The controller can include a processing device (processor) configured to execute instructions stored in a local memory. In the illustrated example, the local memory of the controller includes an embedded memory configured to store instructions for performing various processes, operations, logic flows, and routines that control operation of the memory sub-system, including handling communications between the memory sub-system and the host system.

In some embodiments, the local memory can include memory registers storing memory pointers, fetched data, etc. The local memory can also include read-only memory (ROM) for storing micro-code. While the example memory sub-system includes a controller, in another embodiment of the present disclosure, a memory sub-system does not include a controller, and can instead rely upon external control (e.g., provided by an external host, or by a processor or controller separate from the memory sub-system).

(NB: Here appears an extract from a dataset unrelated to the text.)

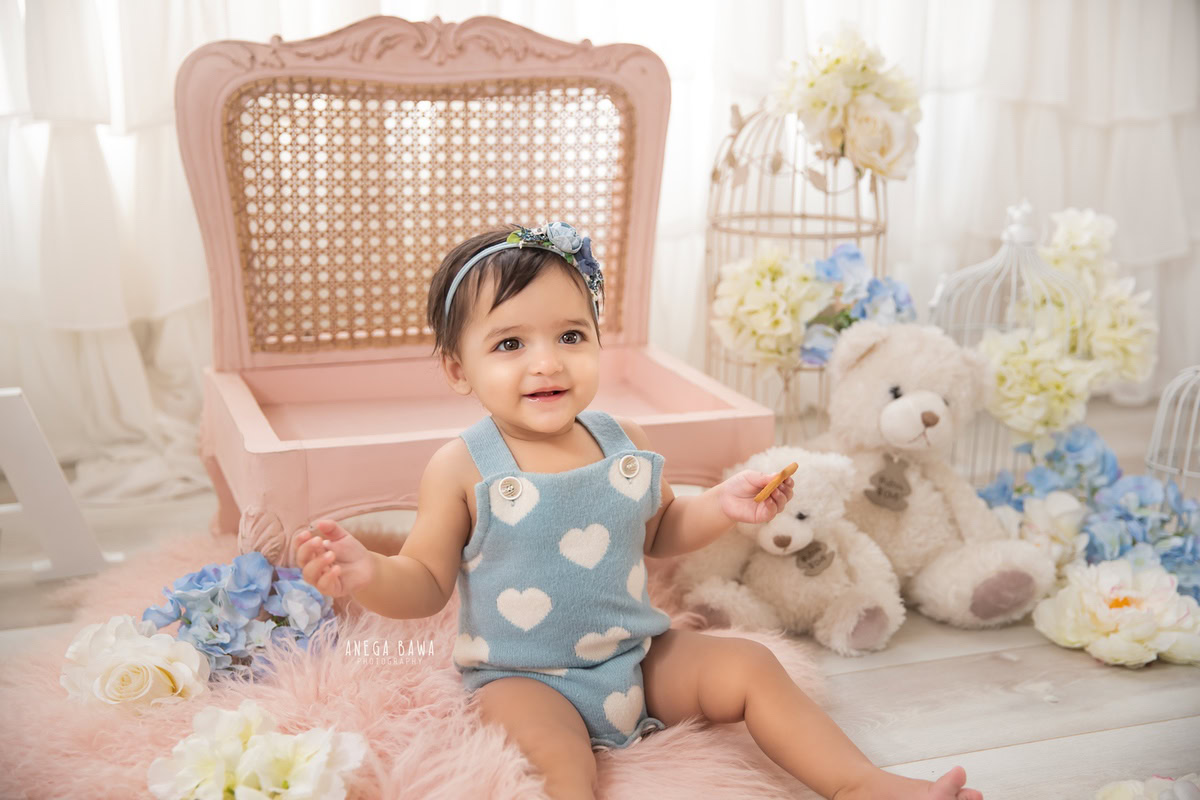 In a delightful scene painted by Anega Bawa Photography in Delhi and Gurgaon, your little princess sits on a pink rug surrounded by teddy bears, blue and white flowers, and castles against a pristine white backdrop. At 7 months to 1 year old, she radiates joy and innocence, creating enchanting memories to cherish.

In general, the controller can receive commands or operations from the host system and can convert the commands or operations into instructions or appropriate commands to achieve the desired access to the memory devices. The controller can be responsible for other operations such as wear leveling operations, garbage collection operations, error detection and error-correcting code (ECC) operations, encryption operations, caching operations, and address translations between a logical address (e.g., logical block address (LBA), namespace) and a physical address (e.g., physical block address) that are associated with the memory devices. The controller can further include host interface circuitry to communicate with the host system via the physical host interface. The host interface circuitry can convert the commands received from the host system into command instructions to access the memory devices as well as convert responses associated with the memory devices into information for the host system.

The memory sub-system can also include additional circuitry or components that are not illustrated. In some embodiments, the memory sub-system can include a cache or buffer (e.g., DRAM) and address circuitry (e.g., a row decoder and a column decoder) that can receive an address from the controller and decode the address to access the memory devices.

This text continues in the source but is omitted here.